With just over a week to go before qualifying ends for the fourth Democratic presidential candidate debate, to be held in October, the Democratic National Committee has announced new, higher qualifications for its November debate (place and time still TBD). Since every candidate who qualified for the September event in Houston automatically made the cut for October, this could be the first “winnowing” measure in a good while.
The thresholds for “grassroots fundraising” didn’t change that much: Candidates must now show they have at some point in the cycle raised money from 160,000 donors (as opposed to 130,000, previously) with at least 600 (previously 400) in 20 states. While the new thresholds could distort fundraising efforts for more marginal candidates, it’s unlikely any of those on the October stage will fall off in November because of fundraising — unless they just run out of money and drop out of the race (as Cory Booker’s campaign has said might happen to him if it doesn’t reach its third-quarter money goals).

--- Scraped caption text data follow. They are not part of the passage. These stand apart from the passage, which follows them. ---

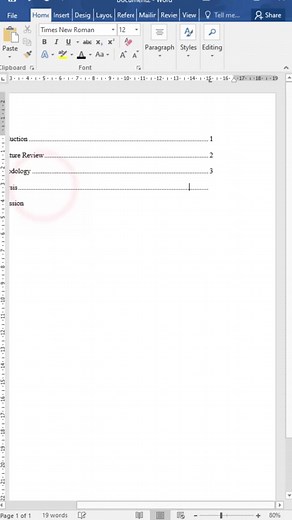 Table of Contents dots #mswordtips #viral #mswordtutorial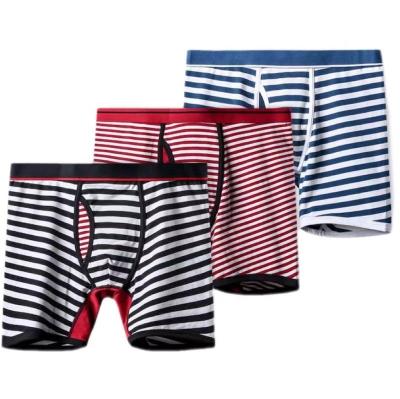 China Antibacterial European And American Stripes Cotton Sports Men Lengthen Boxer Shorts Underwear for sale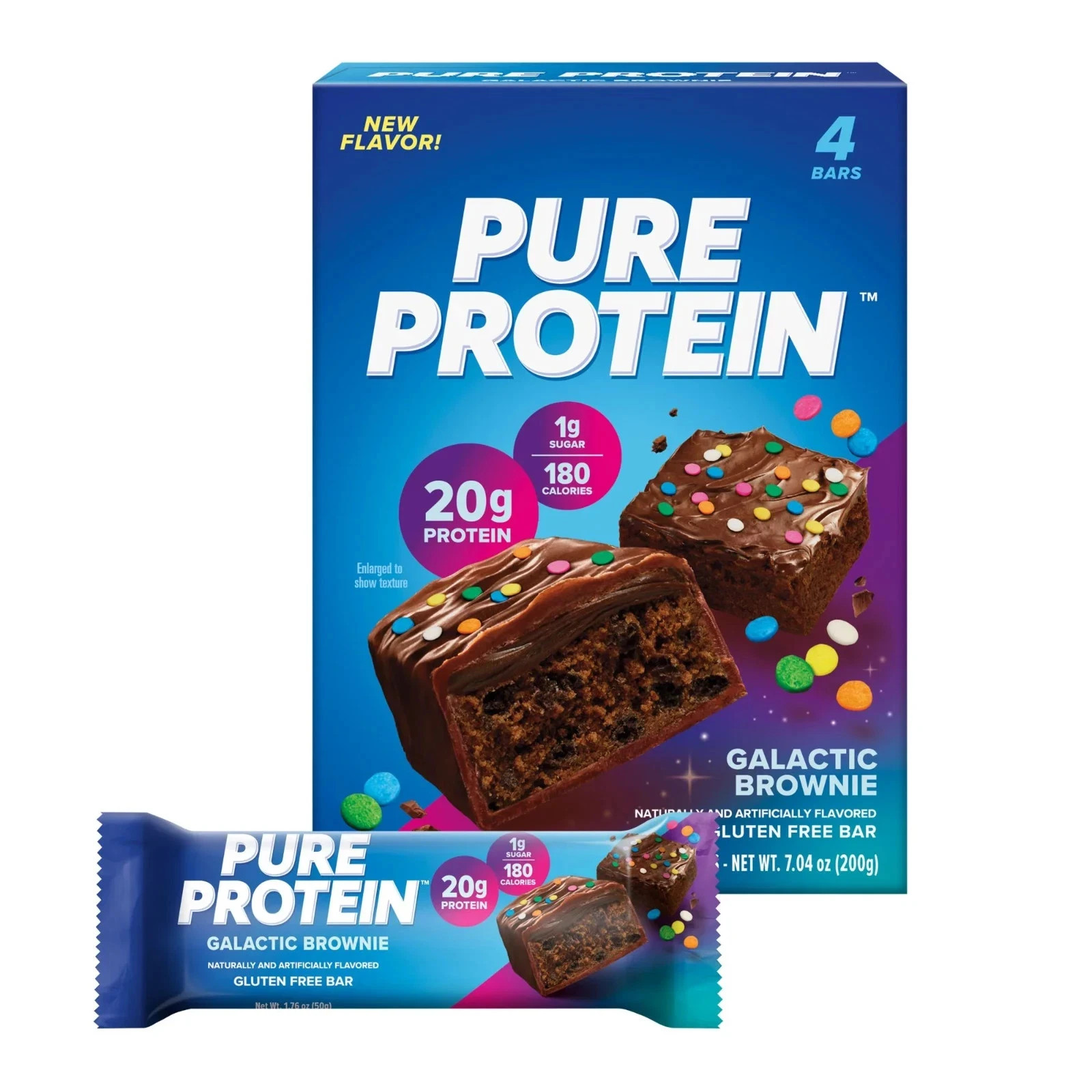 Pure Protein Pure Protein Bars Non-GMO, High Protein, Galactic Brownie, 12 Count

Nor will the new polling requirements (3 percent in four specified national or early state polls, or 5 percent in two early state polls, beginning with polls taken last week and running until seven days before the November debate) represent a problem for the stronger candidates, who almost always poll above three percent (a group that currently includes Joe Biden, Elizabeth Warren, Bernie Sanders, Pete Buttigieg, and Kamala Harris. But some next-tier hopefuls could experience some problems. There have been only three qualifying debates so far: two national surveys (NBC News/Wall Street Journal and Fox News) and one from Iowa (Ann Selzer’s poll for the Des Moines Register, CNN, and Mediacom). Booker has met the new threshold in two of them; Amy Klobuchar, Beto O’Rourke, and Andrew Yang have met it in one. October debate qualifier Tom Steyer and possible qualifier Tulsi Gabbard haven’t met any so far; nor have the other candidates who failed to qualify for September.

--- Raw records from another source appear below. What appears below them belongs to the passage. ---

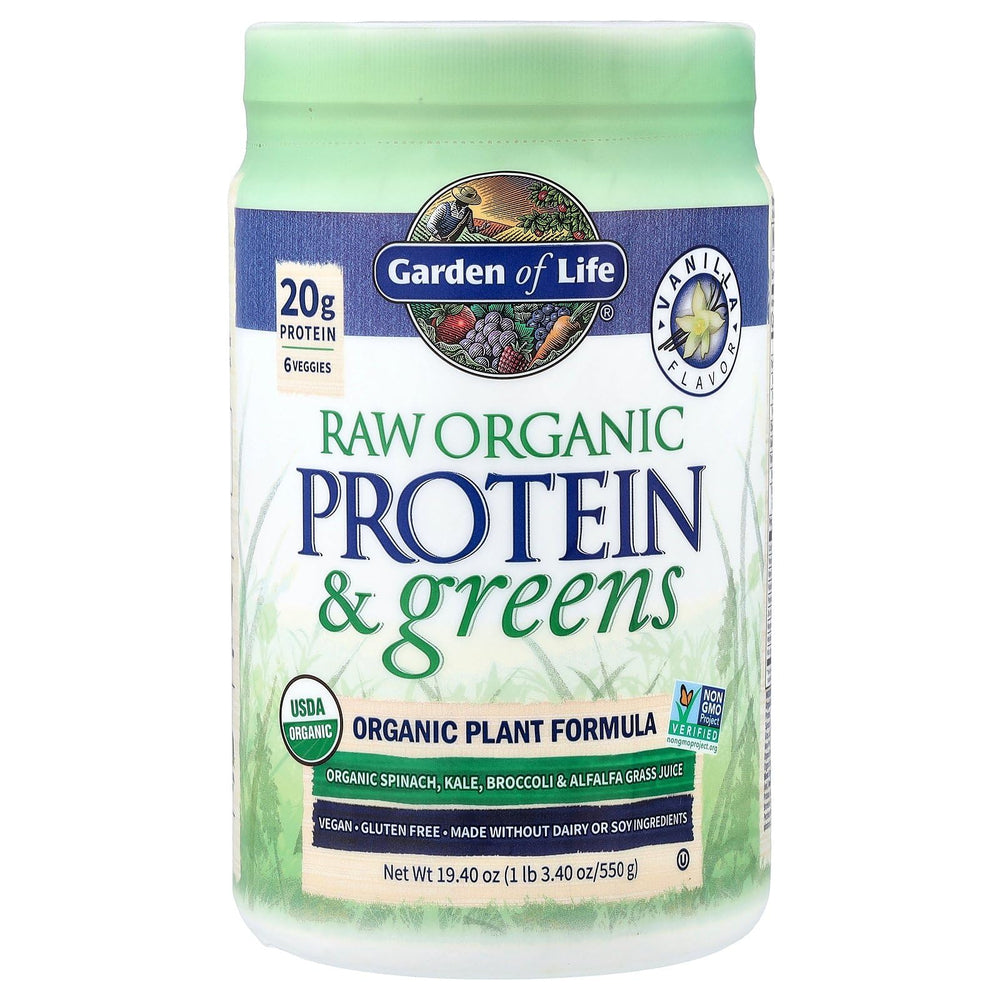 Vanilla shake prepared with Garden of Life Raw Protein & Greens for workouts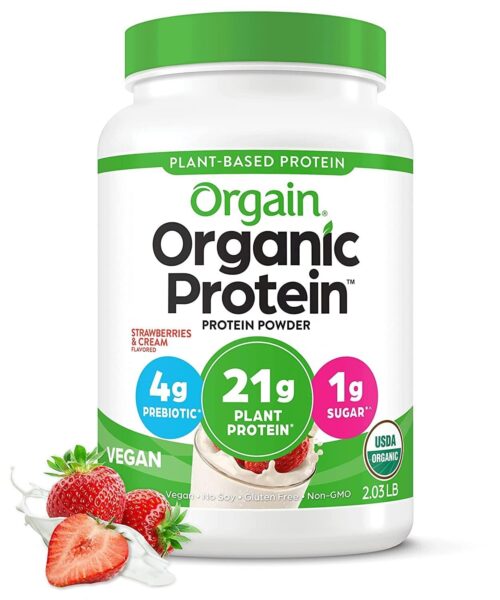 Orgain Organic Vegan Protein Powder, Vanilla Bean – 21g Plant Based Protein, Gluten Free, Dairy Free, Lactose Free, Soy Free, No Sugar Added, Kosher, For Smoothies & Shakes – 2.03lb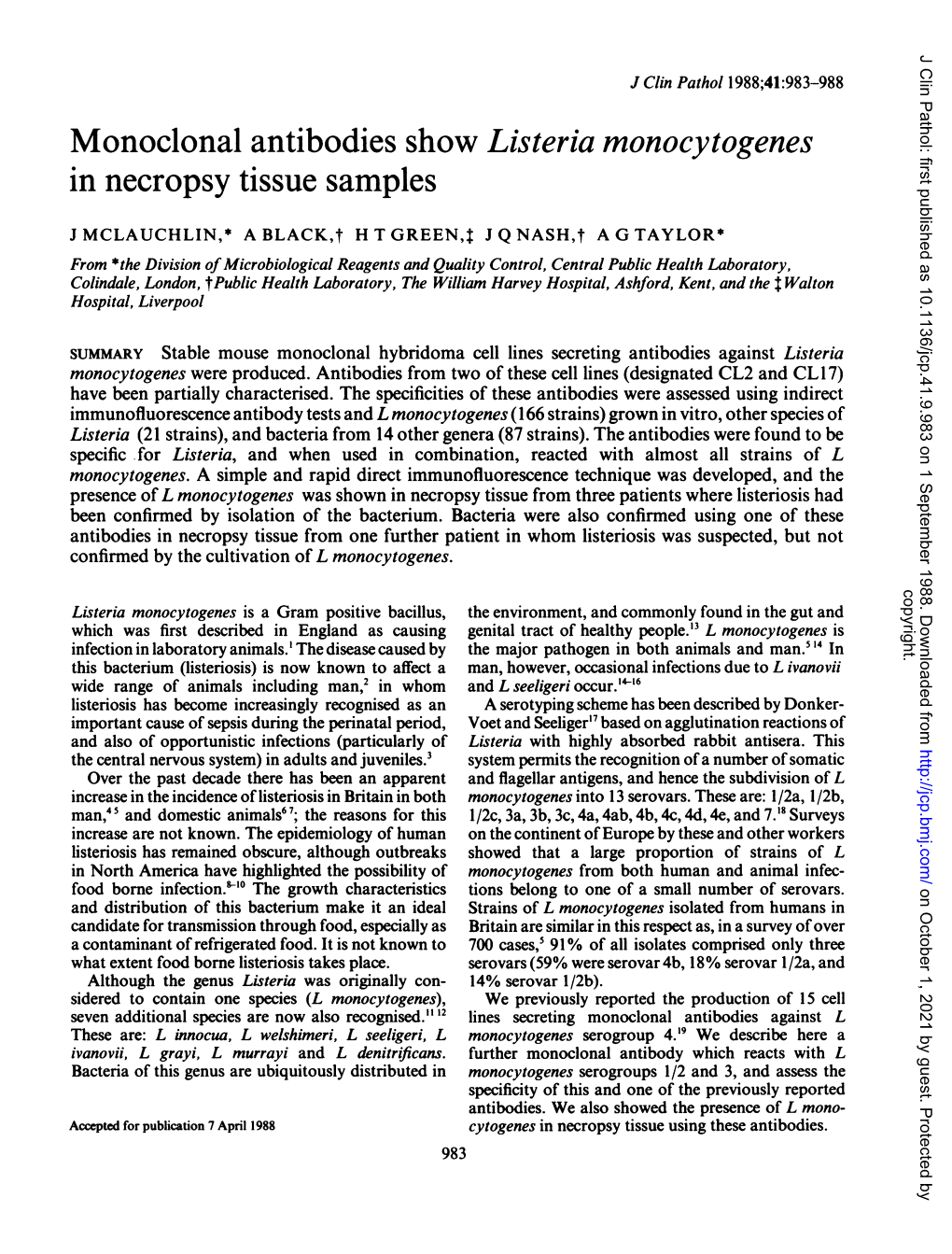 Monoclonal Antibodies Show Listeria Monocytogenes in Necropsy Tissue Samples
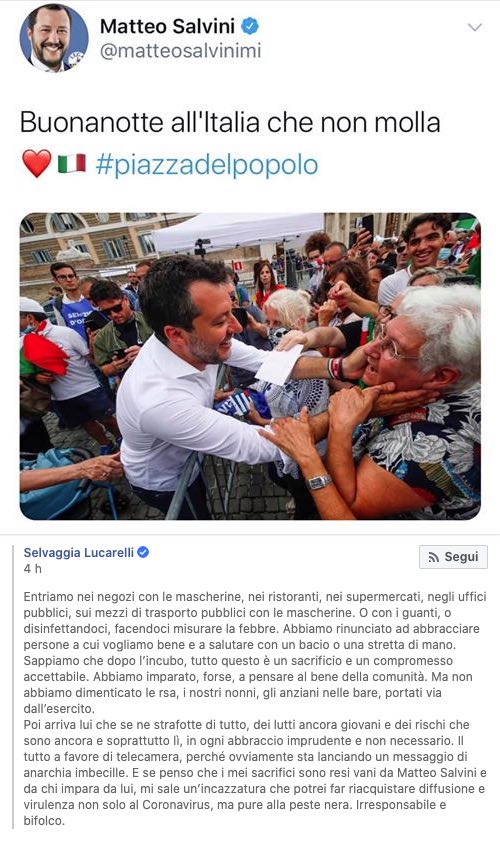 Lucarelli Salvini Social Coronavirus Piazza del Popolo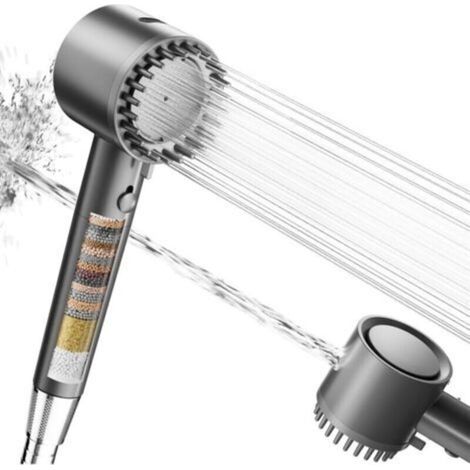 Pr High Pressure Filtering Shower Head - 20-Layer Filter, 5 Jet Modes, 1.5M Flexible - Water Saver to Eliminate Limescale, Chlorine and Bacteria (Gray) (1/4)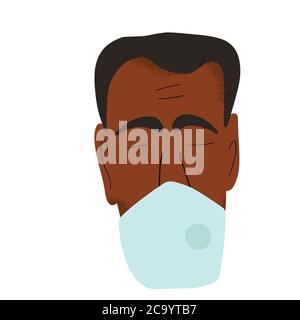 Man in white medical face mask icon. Flu protection. Patient in prevention mask. 2019-nCoV quarantine. Pandemic of coronavirus. Vector flat illustrati Stock Vector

The new higher but narrower qualifying option for early-state polls is probably tailor-made for Steyer, who can just pick a state or two and spend tens of millions of dollars on ads there. It could also help Klobuchar, who’s predictably doing better in Iowa than she is nationally or in other early states.

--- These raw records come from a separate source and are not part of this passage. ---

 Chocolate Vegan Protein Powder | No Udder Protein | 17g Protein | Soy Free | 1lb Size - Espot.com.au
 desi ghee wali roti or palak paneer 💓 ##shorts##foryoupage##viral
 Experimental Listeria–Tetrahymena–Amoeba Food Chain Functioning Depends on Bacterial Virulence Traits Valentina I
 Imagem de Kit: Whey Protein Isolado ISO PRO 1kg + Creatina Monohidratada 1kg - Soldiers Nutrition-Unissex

All in all, the new qualifying thresholds are mostly of interest to those who are shrieking in anguish at the likely reappearance of a second debate night in October. The odds are reasonably good that at least one or two October qualifiers won’t make it past the higher thresholds and will put the debate stage far beyond reach of the bottom-feeders who stubbornly refuse to drop out. Maybe for its next debate, in December, the DNC could help us out by administering a lie-detector test to see which candidates really believe they have a prayer of finishing in the top six or so in Iowa.